Lo encontraba cada mañana a la salida del edificio, detrás de la fortaleza de cartones. Era comprensible, un sitio seguro, lleno de apartamentos y conjuntos residenciales. Además, en aquel portal estaba fuera de la vista del guardia y de las madrugadas de lluvia.
Lo raro es que me miraba con cierta familiaridad.
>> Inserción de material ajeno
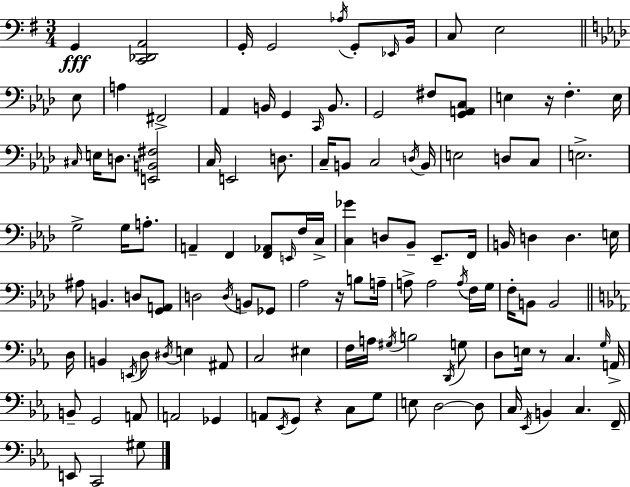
X:1
T:Untitled
M:3/4
L:1/4
K:Em
G,, [C,,_D,,A,,]2 G,,/4 G,,2 _A,/4 G,,/2 _E,,/4 B,,/4 C,/2 E,2 _E,/2 A, ^F,,2 _A,, B,,/4 G,, C,,/4 B,,/2 G,,2 ^F,/2 [G,,A,,C,]/2 E, z/4 F, E,/4 ^C,/4 E,/4 D,/2 [E,,B,,^F,]2 C,/4 E,,2 D,/2 C,/4 B,,/2 C,2 D,/4 B,,/4 E,2 D,/2 C,/2 E,2 G,2 G,/4 A,/2 A,, F,, [F,,_A,,]/2 E,,/4 F,/4 C,/4 [C,_G] D,/2 _B,,/2 _E,,/2 F,,/4 B,,/4 D, D, E,/4 ^A,/2 B,, D,/2 [G,,A,,]/2 D,2 D,/4 B,,/2 _G,,/2 _A,2 z/4 B,/2 A,/4 A,/2 A,2 A,/4 F,/4 G,/4 F,/4 B,,/2 B,,2 D,/4 B,, E,,/4 D,/2 ^D,/4 E, ^A,,/2 C,2 ^E, F,/4 A,/4 ^G,/4 B,2 D,,/4 G,/2 D,/2 E,/4 z/2 C, G,/4 A,,/4 B,,/2 G,,2 A,,/2 A,,2 _G,, A,,/2 _E,,/4 G,,/2 z C,/2 G,/2 E,/2 D,2 D,/2 C,/4 _E,,/4 B,, C, F,,/4 E,,/2 C,,2 ^G,/2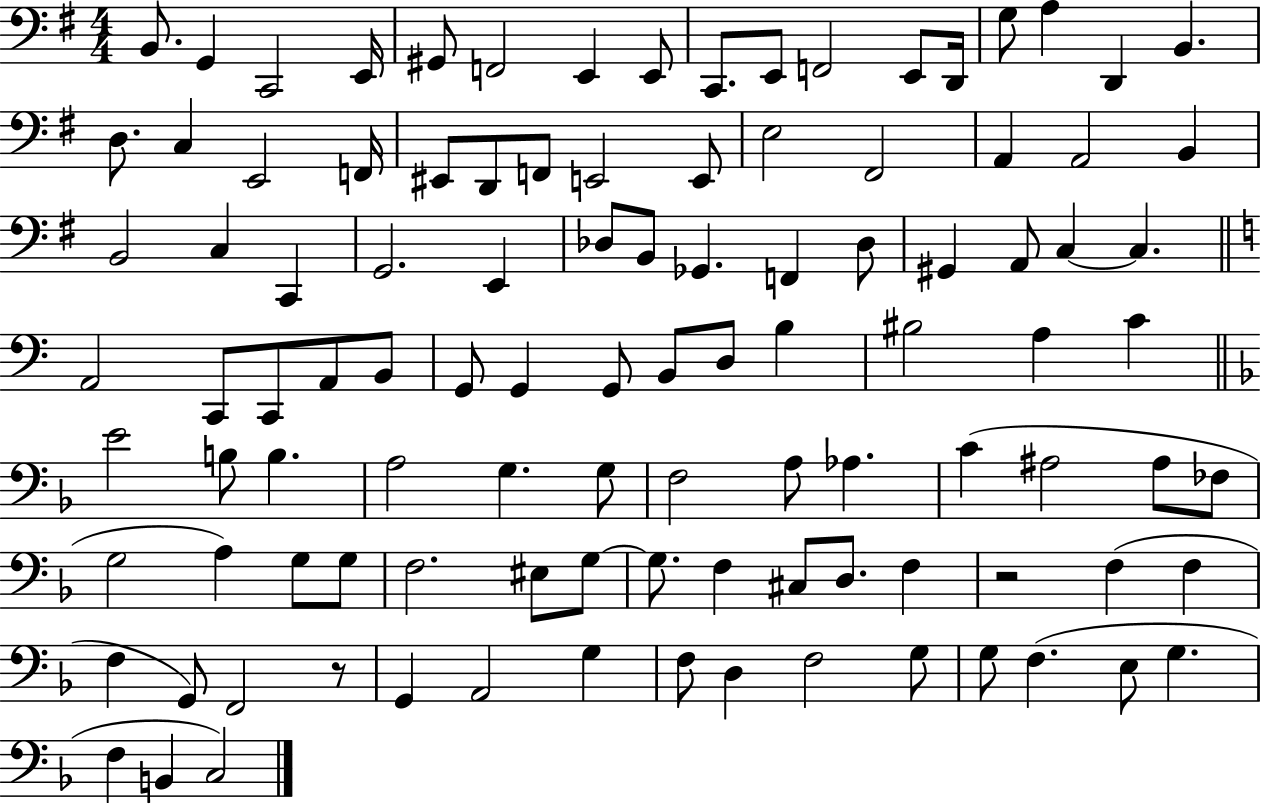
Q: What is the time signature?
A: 4/4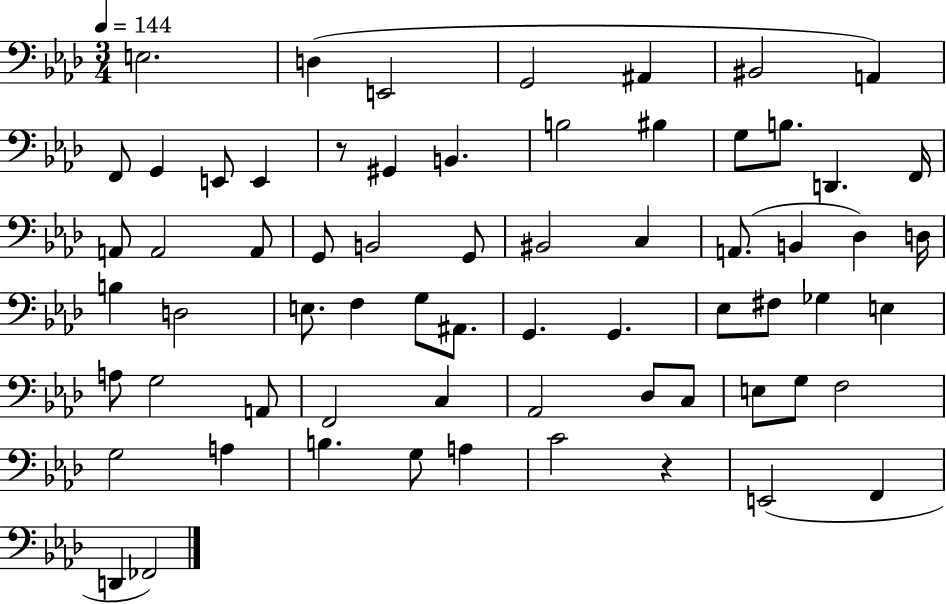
E3/h. D3/q E2/h G2/h A#2/q BIS2/h A2/q F2/e G2/q E2/e E2/q R/e G#2/q B2/q. B3/h BIS3/q G3/e B3/e. D2/q. F2/s A2/e A2/h A2/e G2/e B2/h G2/e BIS2/h C3/q A2/e. B2/q Db3/q D3/s B3/q D3/h E3/e. F3/q G3/e A#2/e. G2/q. G2/q. Eb3/e F#3/e Gb3/q E3/q A3/e G3/h A2/e F2/h C3/q Ab2/h Db3/e C3/e E3/e G3/e F3/h G3/h A3/q B3/q. G3/e A3/q C4/h R/q E2/h F2/q D2/q FES2/h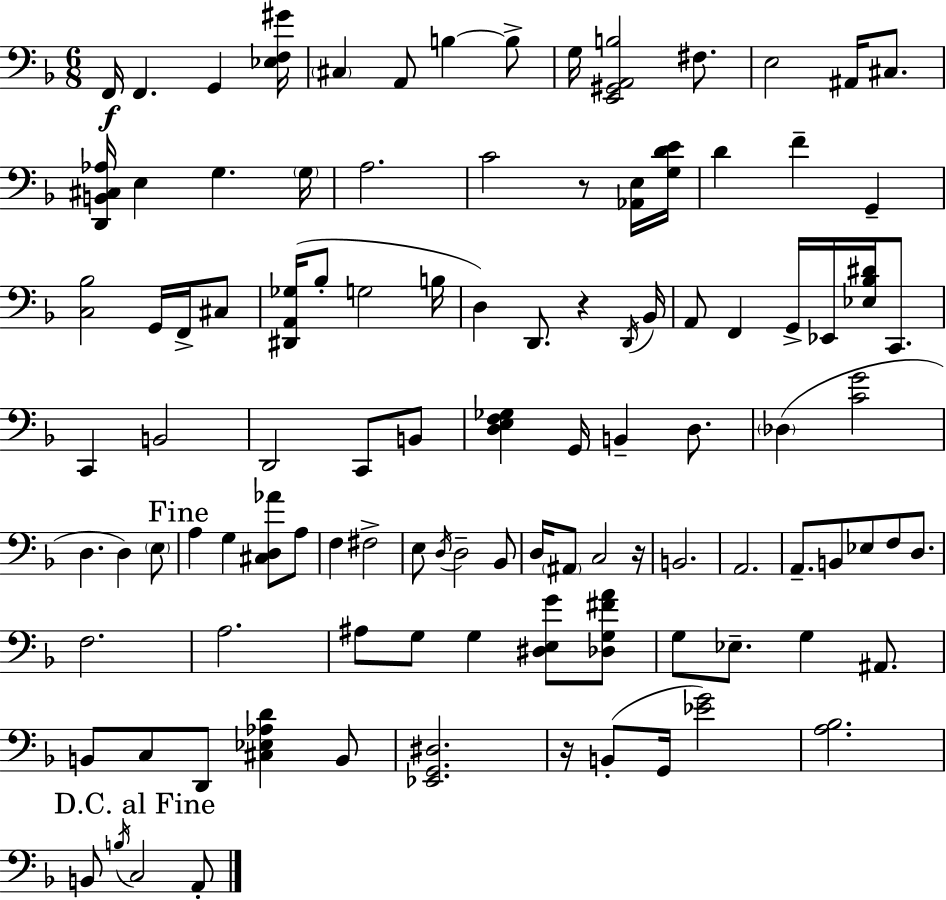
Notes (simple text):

F2/s F2/q. G2/q [Eb3,F3,G#4]/s C#3/q A2/e B3/q B3/e G3/s [E2,G#2,A2,B3]/h F#3/e. E3/h A#2/s C#3/e. [D2,B2,C#3,Ab3]/s E3/q G3/q. G3/s A3/h. C4/h R/e [Ab2,E3]/s [G3,D4,E4]/s D4/q F4/q G2/q [C3,Bb3]/h G2/s F2/s C#3/e [D#2,A2,Gb3]/s Bb3/e G3/h B3/s D3/q D2/e. R/q D2/s Bb2/s A2/e F2/q G2/s Eb2/s [Eb3,Bb3,D#4]/s C2/e. C2/q B2/h D2/h C2/e B2/e [D3,E3,F3,Gb3]/q G2/s B2/q D3/e. Db3/q [C4,G4]/h D3/q. D3/q E3/e A3/q G3/q [C#3,D3,Ab4]/e A3/e F3/q F#3/h E3/e D3/s D3/h Bb2/e D3/s A#2/e C3/h R/s B2/h. A2/h. A2/e. B2/e Eb3/e F3/e D3/e. F3/h. A3/h. A#3/e G3/e G3/q [D#3,E3,G4]/e [Db3,G3,F#4,A4]/e G3/e Eb3/e. G3/q A#2/e. B2/e C3/e D2/e [C#3,Eb3,Ab3,D4]/q B2/e [Eb2,G2,D#3]/h. R/s B2/e G2/s [Eb4,G4]/h [A3,Bb3]/h. B2/e B3/s C3/h A2/e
Recordé una película de tono moralista y cierto día también lo miré, intentando reconocerme.
Era moreno, alto y delgado en extremo, tenía una barba sarpullida de mugre y arroz. Todo lo contrario a mi persona. No cabía duda al respecto. Lo que abría una larga lista de posibilidades sobre su identidad, que solo a un individuo holgazán como yo, podía entretener.
Tenía consabido que casi siempre omitimos las respuestas verídicas por considerarlas muy simples. Así que me consolé pensando en que tan solo era un vago, originario de un pueblo de la costa, de familia disfuncional, que había caído en algún vicio que solo podía sostener viviendo en el portón de un edificio. Razonamiento a todas luces ocioso. Lo importante era procurar no ir más allá.
La oficina no me exigía mucho, firmaba papeles, dictaba un oficio, paseaba por las bodegas y recibía el reporte de mis empleados. Me había procurado una vida tranquila a fuerza de delegar responsabilidades a las personas competentes. Salía de la fábrica a las seis, recorría a pie la avenida Atlántico hasta Villa Coronel, tomaba un café y un pastelillo de maíz en un local conocido y reanudaba el camino hasta el edificio, saludando en el paso a los vecinos y guardias.
Nunca lo encontraba, lo que me tranquilizaba (lo que bien pensado y en noches frías, me estremecía). Me quedaba un momento en la acera mirando a un lado y otro, prendía un cigarrillo y saludaba a los peatones. Pero él nunca estaba en la puerta que ahora servía como ingreso.
Después era como un sueño prolongado. Cuando cruzaba el portón al día siguiente, lo veía, detrás de su castillo de cartones o arrimado a la pared frontal, hurgándose la nariz. Su mirada me penetraba. Yo estaba a punto de decir un nombre, no sé cuál, no llegaba a pronunciarlo. Empezaba otra vez el rompecabezas.
De camino al trabajo, en la mismísima oficina, incluso durante el almuerzo, rememoraba los detalles de su rostro, recordaba a mis ex condiscípulos, a mis vecinos de la calle Cenepa, incluso a los antiguos socios de la fábrica. De vez en cuando, parecía identificar en alguno de esos seres conocidos, el rostro vago, pero más tarde algo me disuadía. No mencionaré las pensadillas que me agitaban a las tres de la mañana. Me asomaba al balcón y contemplaba la ciudad con la certeza de su extraña presencia ahí abajo, a pocos metros de mí.
Durante varios días me agazapé bajo el árbol de enfrente y esperé su llegada. Antes y después de él no había nada más que el frío del hormigón. La espera era infructuosa, temía ser visto por los vecinos como un solitario extravagante y regresaba al calor de mi departamento. Alguna vez llegué tarde a la fábrica con la finalidad de verlo marchar y seguirlo, sea cual fuere su destino. Desde la otra acera jugaba conmigo al juego de las miradas y quien pestañeaba, perdía, en un fracaso peor a todos los imaginables.
Hasta que un día ocurrió. Había extendido la revisión de unas facturas, pidiendo al contador que verificara cada una de las cifras. Había bebido un café muy amargo en un restaurante chino, obligado por la hora del retorno. Había tomado taxi, con una sensación de malestar en el bajo vientre, adjudicado al café y a un rollo de col. Le había pedido al taxista que se detuviera frente a la puerta. Me sentía molesto y dispuesto a una infusión de manzanilla y al calor de mis sábanas. De pronto lo vi llegar por la otra acera, lo vi arrastrar, cojo, un fardo de cartones. Lo vi aspirar el aire con dificultad. Sabía que atravesaría la calle y, cuando lo tuviera a mi lado, la verdad sería develada. Efectivamente, se paró junto a mí y esbozó una sonrisa tan atroz, una mirada tan acusadora, que no me quedó otra opción que bajar la vista.
-¿Si tú no eres yo, quién soy yo?
-Eres nadie.
No había terminado la frase cuando un segundo, como un cortejo de ángeles, se lo llevó para siempre. Tardé en reaccionar. Fui hasta el portón de siempre y acomodé mi aposento.